Art, Kahlo

Product description

Pain and passion

The original and intimate art of Mexico's most famous female painter

The captivating paintings of Frida Kahlo (1907-1954) were in many ways an expression of trauma. A serious car accident at 18, poor health, a troubled marriage, miscarriage and childlessness, she transformed all her suffering into revolutionary art.

In her faithful or metaphorical self-portraits, Kahlo looks at the viewer with a burning boldness, rejecting her fate as a passive victim and preferring to interweave the expressions of her experience to shape a hybrid vital lexicon where the real and the surreal mingle: hair, roots, veins, tendons and uterine tubes. Many of her works also explore the communist political ideals she shares with Rivera. She described her paintings as "the most sincere and real thing I could do to express what I felt inside and outside myself.

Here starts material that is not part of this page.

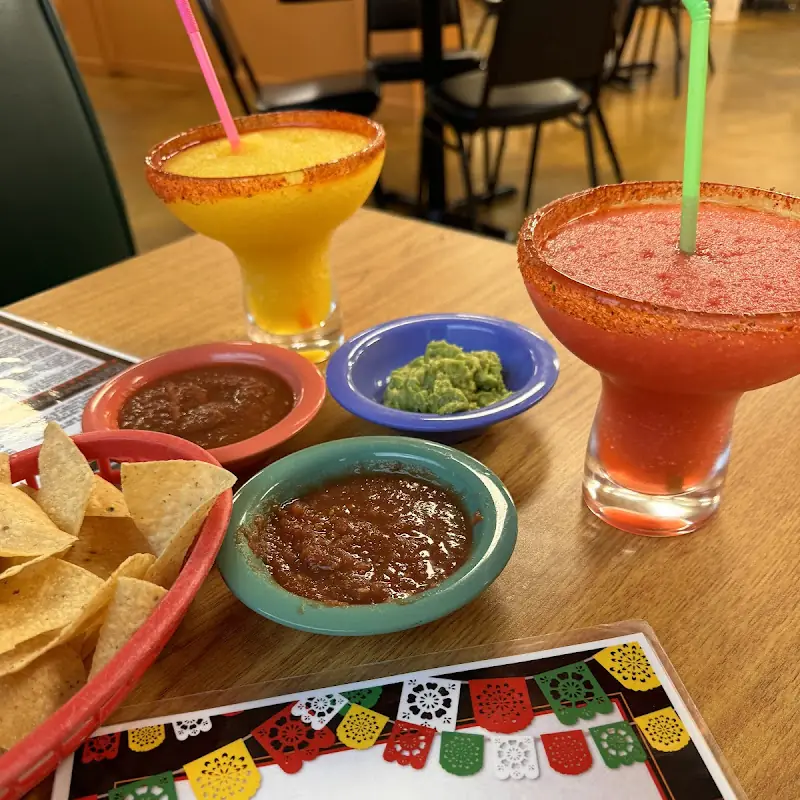 Tres Hermanos Mexican Restaurant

This book presents Frida Kahlo's abundant work and explores her unwavering determination as an artist, her importance as a painter, feminist icon, and pioneer of Latin American culture.

About the author 

Andrea Kettenmann studied art history in Göttingen and Hamburg before joining the Department of Art History at Hamburg University. She has published numerous articles and books on Frida Kahlo and has collaborated on several exhibitions and catalogs. She is an independent art historian in Mexico City, where she has lived for many years.